Dataset excerpts:

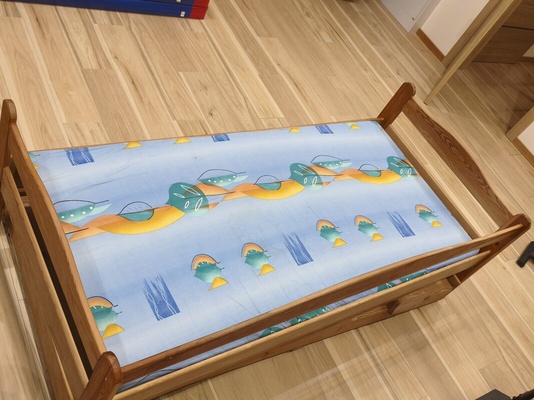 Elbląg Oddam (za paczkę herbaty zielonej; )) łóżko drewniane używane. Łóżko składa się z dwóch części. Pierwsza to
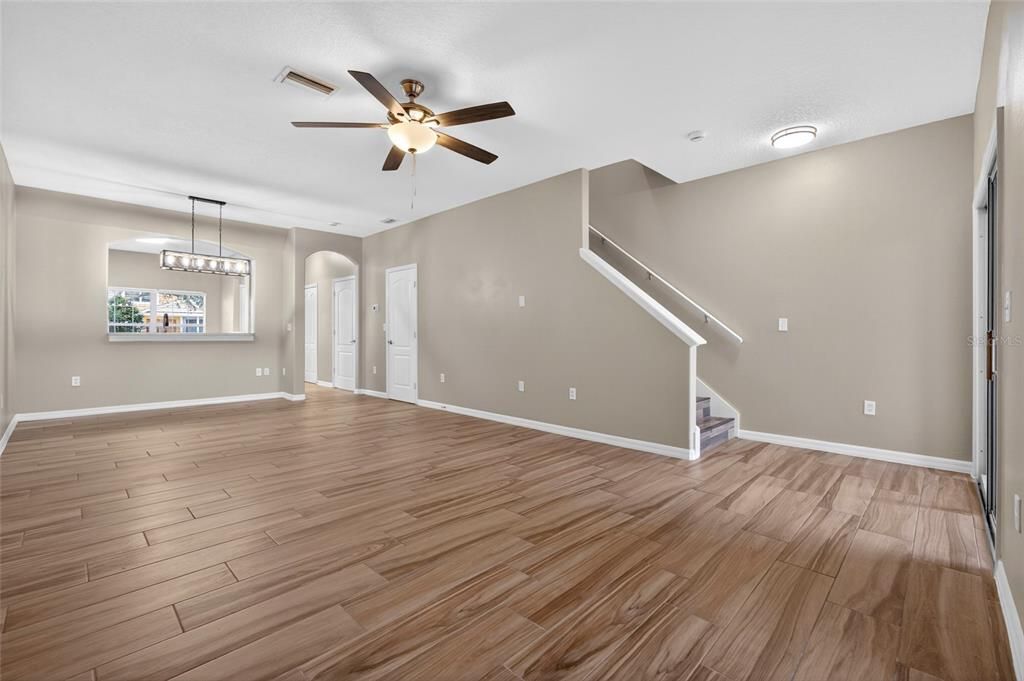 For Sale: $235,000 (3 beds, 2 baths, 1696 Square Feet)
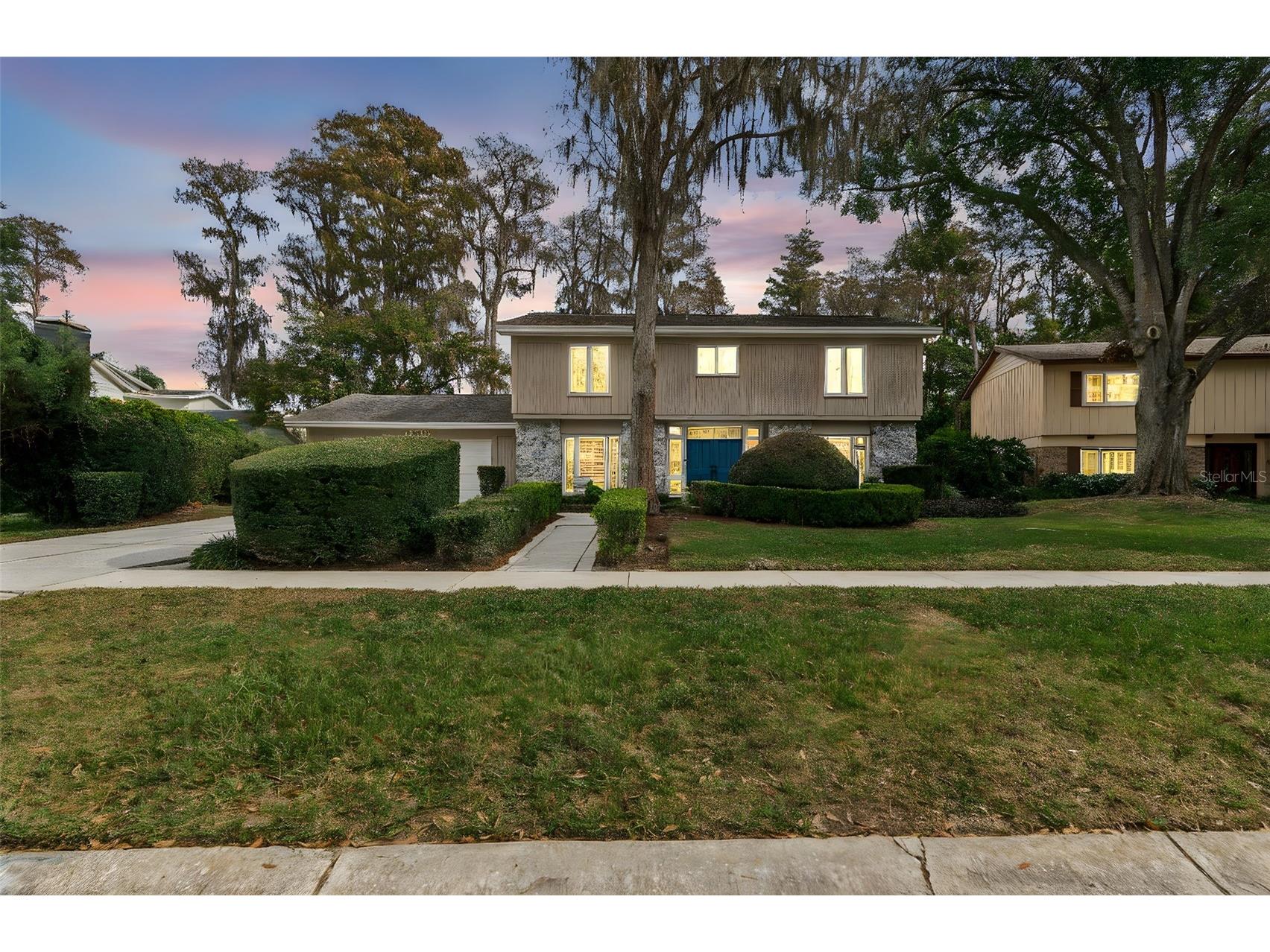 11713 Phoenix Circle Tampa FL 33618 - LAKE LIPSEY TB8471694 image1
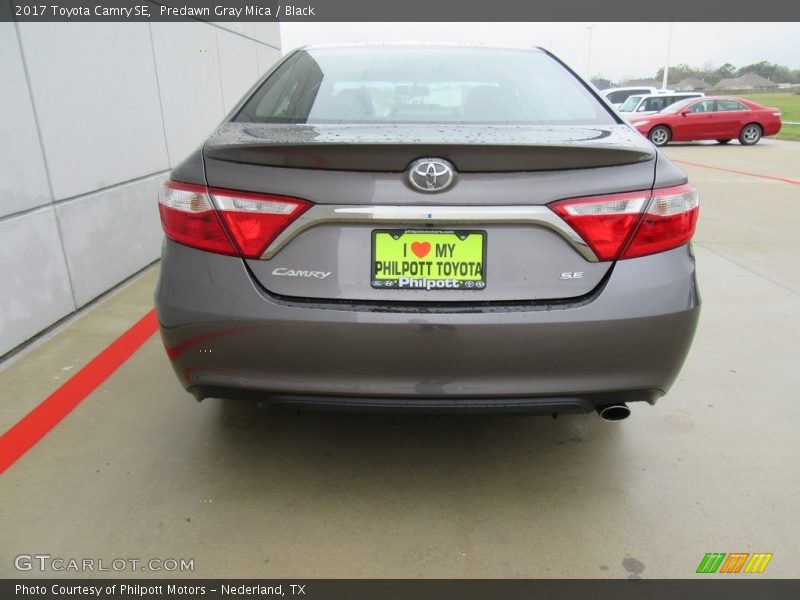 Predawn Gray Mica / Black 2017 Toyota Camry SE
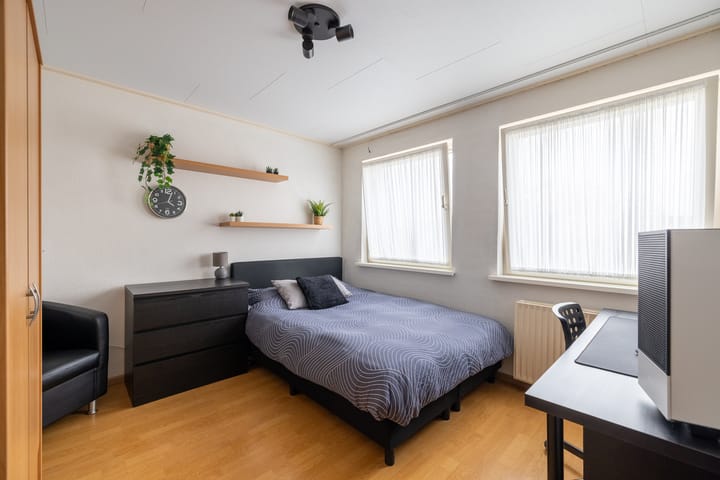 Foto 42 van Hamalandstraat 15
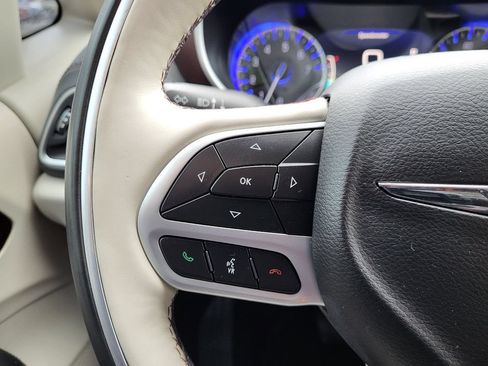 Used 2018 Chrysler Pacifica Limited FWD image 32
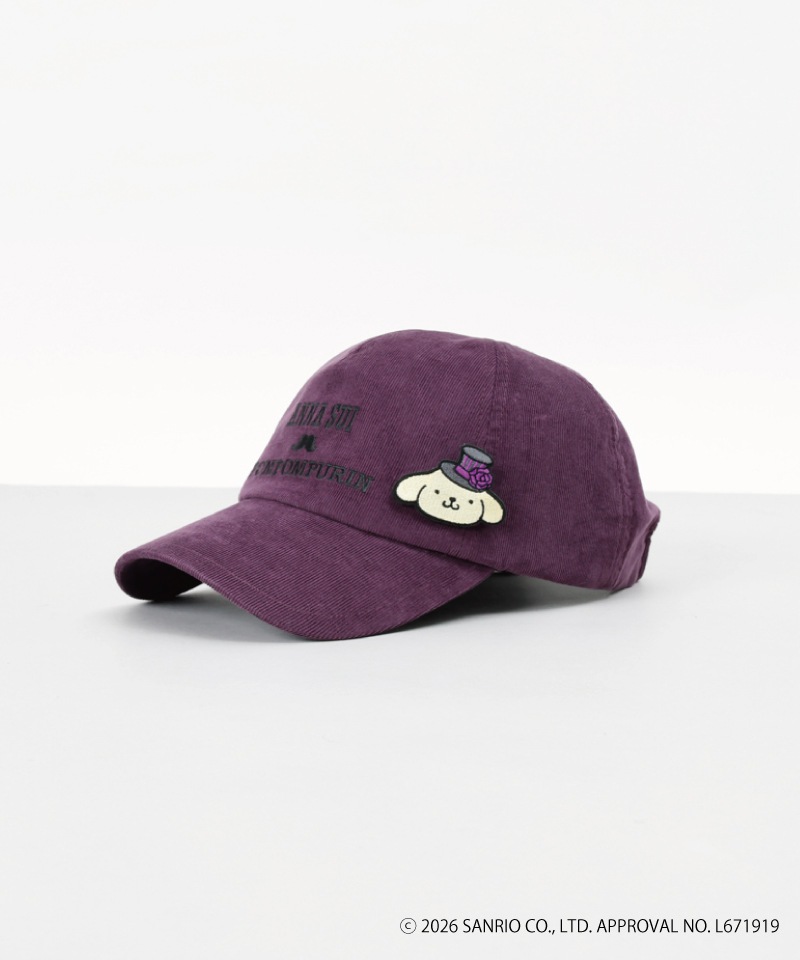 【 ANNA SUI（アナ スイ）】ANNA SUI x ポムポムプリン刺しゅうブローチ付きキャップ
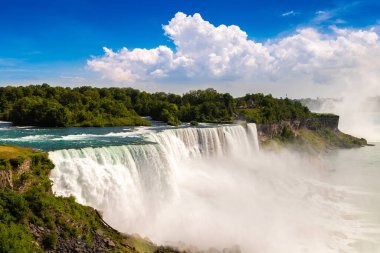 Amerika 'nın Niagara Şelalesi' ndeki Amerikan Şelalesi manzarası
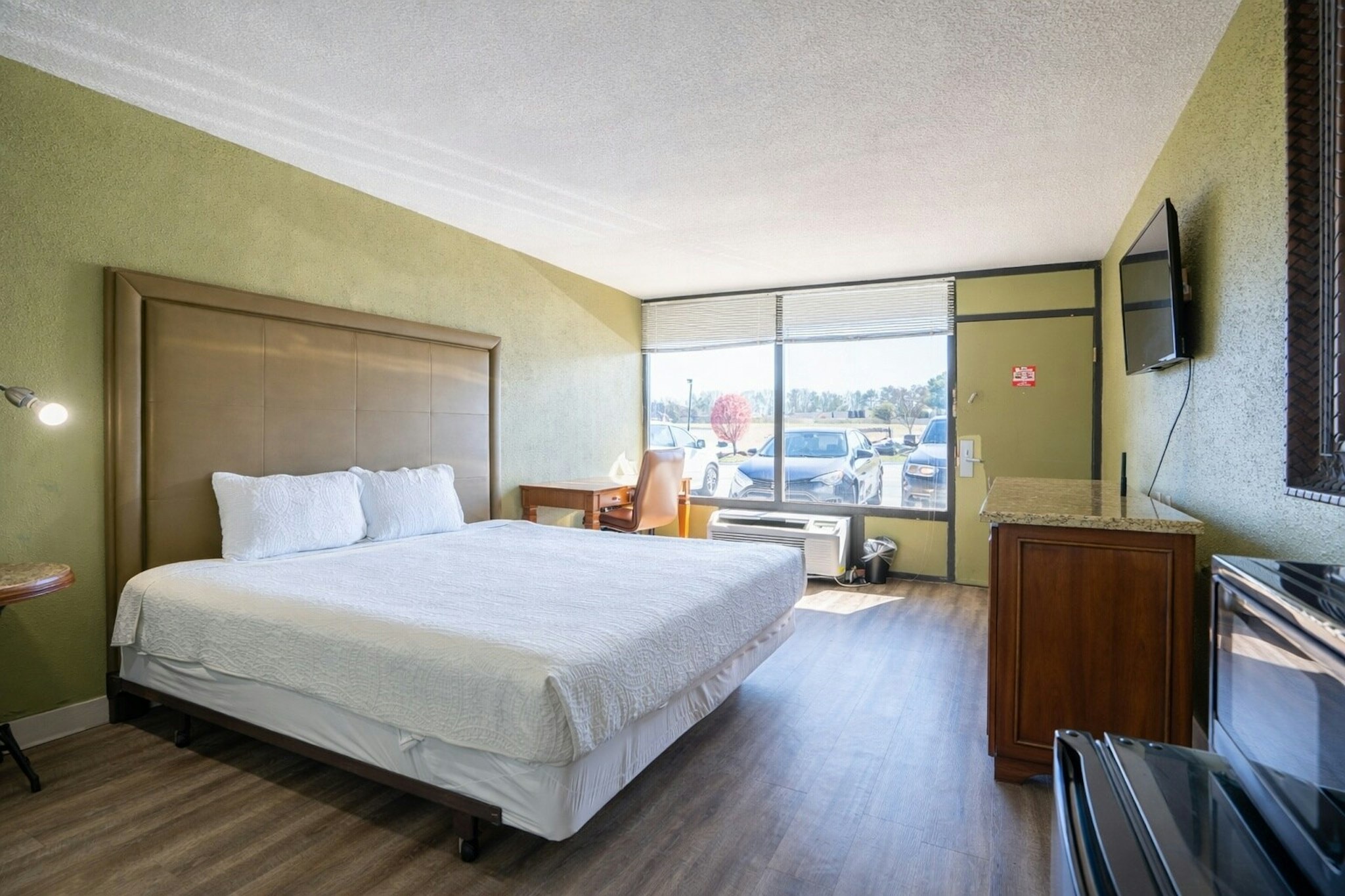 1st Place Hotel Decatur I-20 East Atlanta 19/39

Problem requirements:
A word-for-word copy of the records is needed, with no pictures carried over.

Finished exercise:
 Elbląg Oddam (za paczkę herbaty zielonej; )) łóżko drewniane używane. Łóżko składa się z dwóch części. Pierwsza to
 For Sale: $235,000 (3 beds, 2 baths, 1696 Square Feet)
 11713 Phoenix Circle Tampa FL 33618 - LAKE LIPSEY TB8471694 image1
 Predawn Gray Mica / Black 2017 Toyota Camry SE
 Foto 42 van Hamalandstraat 15
 Used 2018 Chrysler Pacifica Limited FWD image 32
 【 ANNA SUI（アナ スイ）】ANNA SUI x ポムポムプリン刺しゅうブローチ付きキャップ
 Amerika 'nın Niagara Şelalesi' ndeki Amerikan Şelalesi manzarası
 1st Place Hotel Decatur I-20 East Atlanta 19/39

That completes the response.